RCPCH responds to new research which suggests these drugs may alter gut microbes associated with weight gain.

Young children prescribed antibiotics and, to a lesser extent, drugs to curb excess stomach acid, may be at heightened risk of obesity, suggests research published online in the journal Gut.

These drugs, particularly if taken for lengthy periods, may alter gut microbes that have been associated with weight gain, explain the researchers.

To try to find out if exposure to these drugs in early childhood might increase the risk of obesity, the researchers looked at the medicines prescribed to 333,353 infants, whose medical records had been input into the US Military Health System database between 2006 and 2013 in the first two years of their lives.

In all, 241, 502 (72.5%) had been prescribed an antibiotic; 39,488 (just under 12%) an H2RA (H2 receptor antagonist); and 11,089 (just over 3%) a PPI (proton pump inhibitor) during this period. 5,868 children were prescribed all three types of drug. 46,993 (just over 14%) children became obese, of whom 9,628 (11%) had not been prescribed any antibiotics or acid suppressants.

Boys born after a caesarean section and boys whose parents were below officer rank were more likely to become obese.

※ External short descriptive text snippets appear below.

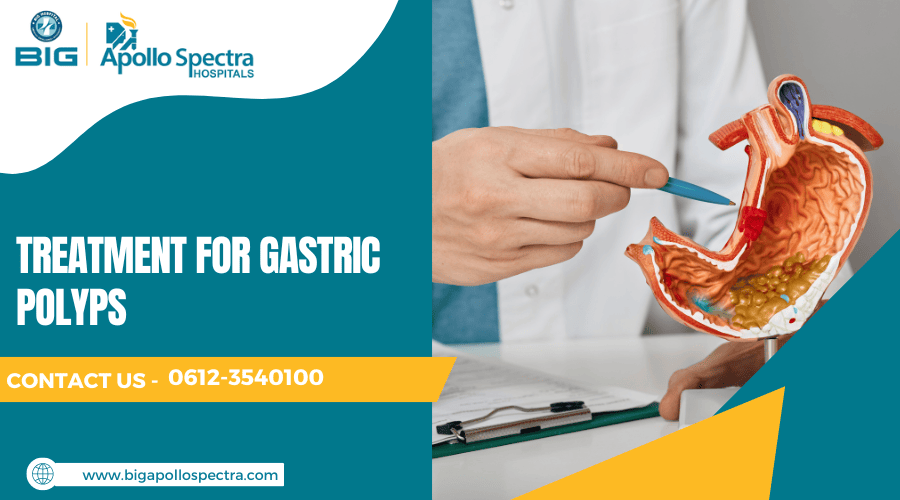 Treatment for Gastric Polyps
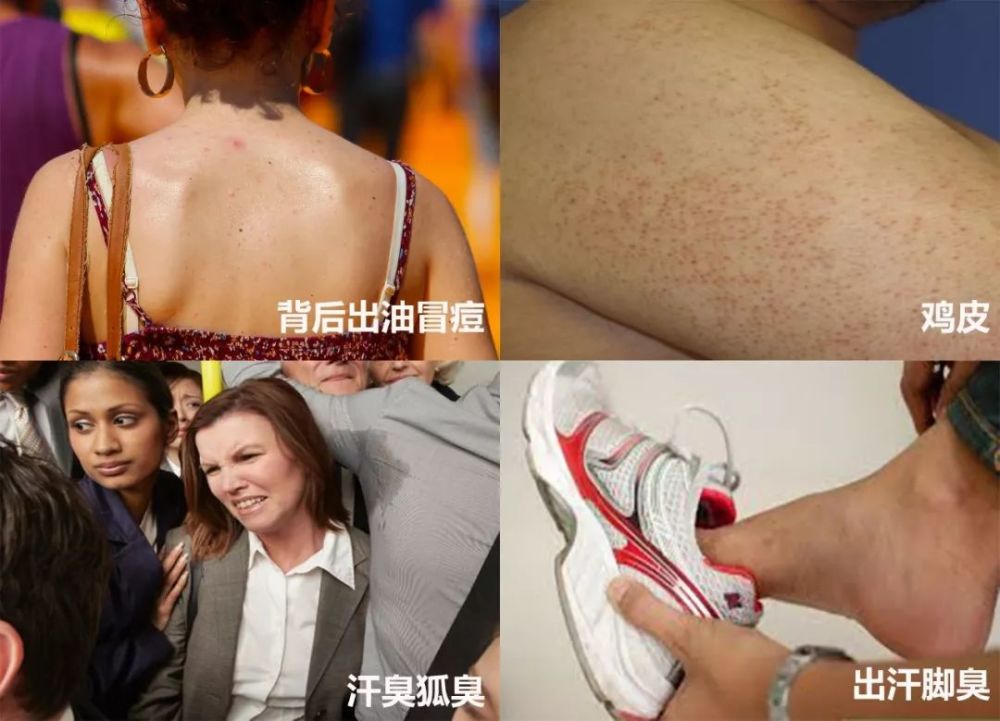 天天洗澡能改变鸡皮肤吗(天天洗澡能改变鸡皮肤吗女生)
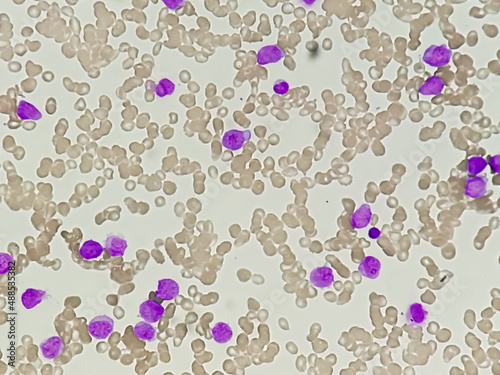 1000x, abnormal, acute, all, aml, analyzing, apl, blast, blood, bone, cancer, care, cbc, cell, chronic, cll, cml, complete, count, disease, eosinophil, erythrocyte, exam, film, health, hematology, hem photo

But after taking account of potentially influential factors, a prescription for antibiotics or acid suppressants was associated with a heightened risk of obesity by the age of 3 years, the average age at which obesity was first identified in these children.

A prescription for antibiotics was associated with a 26% heightened risk of obesity. This association persisted, irrespective of antibiotic type, and strengthened with each additional class of antibiotic prescribed.

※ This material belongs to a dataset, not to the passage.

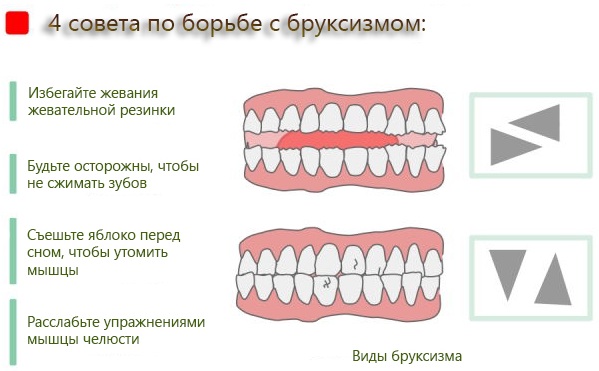 Как вставить имплант зуба. Виды, цена, больно ли, как это делается, отзывы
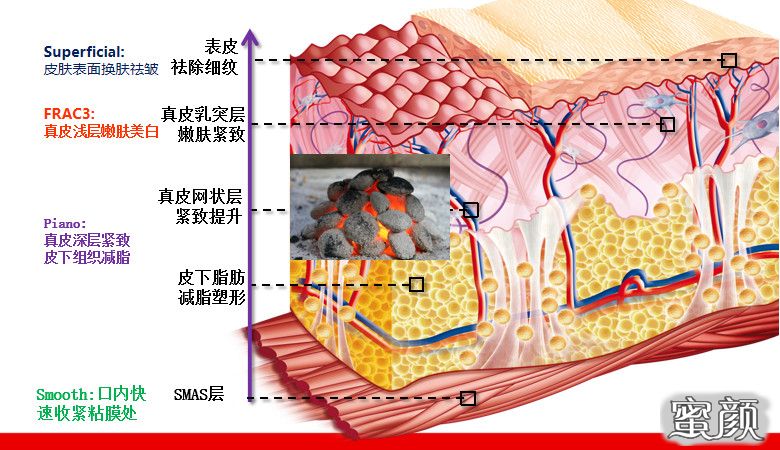 案例图片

Responding to the paper, Dr Max Davie, Officer for Health Promotion for the Royal College of Paediatrics and Child Health (RCPCH), said:

Although this is reported as the largest study of its kind, it has got its limitations - it is observational and so you can’t establish cause, information about the mother’s weight, whether they smoked or had other underlying conditions aren’t available and there are complex links between the environment and obesity that need to be taken into account. That said, childhood obesity levels in the UK are at crisis point with one in three children overweight or obese by the time they leave primary school. We are also battling antibiotic resistance so any avoidable doses throughout the life course would be beneficial to the cause. We therefore need to acknowledge these findings and would welcome further review.

In the meantime, children who are obese must receive tailored support to help them return to a healthy weight. We therefore call on the government to ensure specialist obesity services are appropriately funded to prevent obese children today becoming obese adults in future.